A table is used to show the numeric data from which the LOGO diagram is generated. The table depicts each position in the profile as a column, and has a row for each of the four nucleotide bases A, C, G and T. The user can choose to display the data either as the original counts or as frequencies.

  • Display: Counts or Frequencies

The Parameters tab

T Promoter Parameters initial.png

Background sequence and scoring threshold determination

A background sequence is used to estimate an appropriate scoring threshold. This background can be generated in two ways. 1. determine base composition of input sequence and from this generate random sequence. 2. (13K) - use a set of 13,000 promoter sequences as background.
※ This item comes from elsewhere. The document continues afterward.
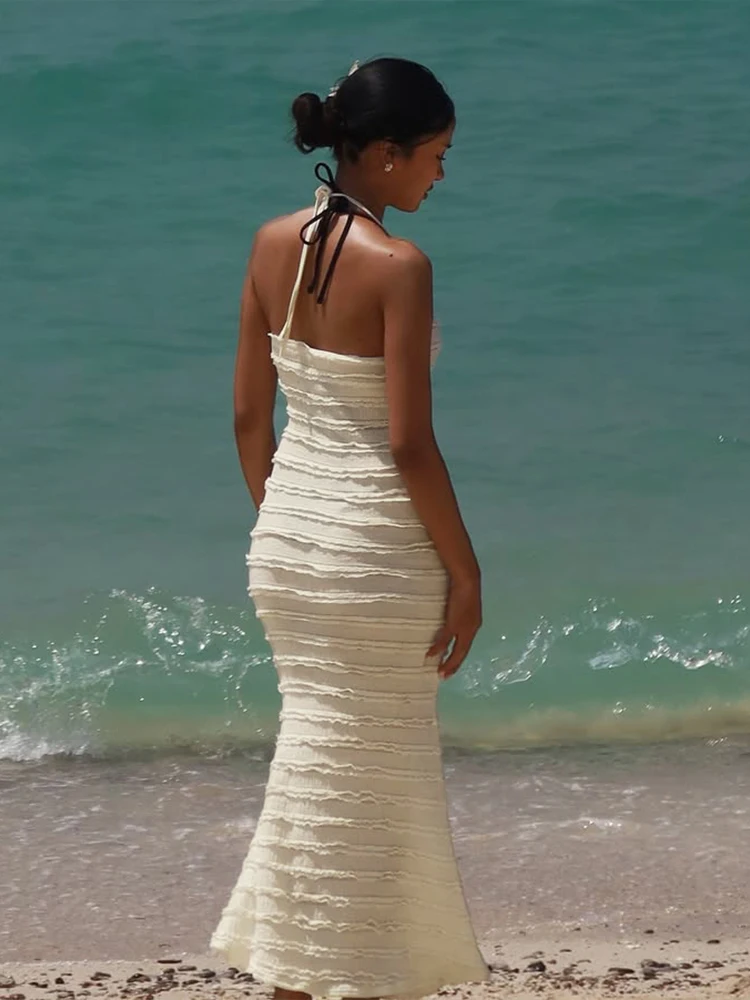 Vestido sem costas sexy para mulheres, com várias camadas, arestas de renda, anel de lantejoulas, férias, festa de praia, elegante, slim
The length of background sequence scanned is given by 1000*Iterations/PValue.

The threshold value is calculated by scanning the background sequence with the profile and finding the top 100 scores. The 100th score is used as the threshold.

Calculated p-values are Bonferroni corrected and also corrected for duplicates in the list of 100 top scores.

Positive and negative strands are scanned and values above threshold are reported.

Parameters

  • PValue / 1K -
  • Use Thr. - Use threshold - if checked, use a user-input threshold rather than a calculated threshold for scoring a match.
  • 13K Set - If not checked (default), use the random background sequence described above. If checked, use the 13K sequences as background.
  • Iterations -
  • Pseudocount - a small-sample correction factor (default 1.0). See above description.

Results

Total hits and Seqeunces with hits

  • Expected -
  • Actual -
  • Enrich. p-value -
  •  % with hits

5' hits and 3'hits

  • Expected -
  • Actual -

The Sequence tab

T Promoter Sequence.png

Scan Implementation

Normalization and the Pseudocount

The count matrices are normalized to frequencies using an algorithm which includes a "pseudocount" (see Nishida 2009). The pseudocount is a way to compensate for the effects of small sample sizes in the original observations used to generate the profiles. Nishida et al. studied how to determine an appropriate value for the pseudocount. They found that the optimal values were independent of the sample size and were correlated with the entropy of the original matrices. They say that this implies that the less-conserved the binding site, the larger a value should be used for the pseudocount. They find that 0.8 is a good value "for practical uses". They do not recommend use of the square root of the total count.

geWorkbench allows a pseudocount factor to be directly entered, or it can be selected to be the square root of the total count of sequences used to generate the profile. Prior to geWorkbench 1.8.0, setting the pseudocount to the square root of the total counts was directly coded and not changeable. The current default is to set the pseudocount equal to 1.0.

The normalization forumula used in calculating frequencies is then, where b is the pseudocount, and counts(i, j) is the observed count in a particular entry in the matrix,

freq(i, j) = (counts(i, j) + b/4) / (totalCounts + b).


The resulting frequency matrix is used in the subsequent scan.

Because the pseudocount is a settable parameter, the frequency matrix is recalculated for each scan from the original counts.

Running and viewing a scan

  1. Hit Scan.
  2. Check the box "Show TFs".
  3. Hits of this motif against the sequences are displayed in the sequence window.

References

  • Nishida K, Frith MC, Nakai K. (2009) Pseudocounts for transcription factor binding sites. Nucleic Acids Res. Feb;37(3):939-44. link to paper
  • Sandelin A, Alkema W, Engstrom P, Wasserman WW, Lenhard B. (2004) JASPAR: an open-access database for eukaryotic transcription factor binding profiles. Nucleic Acids Res. Jan 1;32(Database issue):D91-4 (link to paper).
  • Schneider TD, Stephens RM. (1990) Sequence logos: a new way to display consensus sequences. Nucleic Acids Res. Oct 25;18(20):6097-100. (link to paper)
  • Vlieghe D, Sandelin A, De Bleser PJ, Vleminckx K, Wasserman WW, van Roy F, Lenhard B. (2006) A new generation of JASPAR, the open-access repository for transcription factor binding site profiles. Nucleic Acids Res. Jan 1;34(Database issue):D95-7.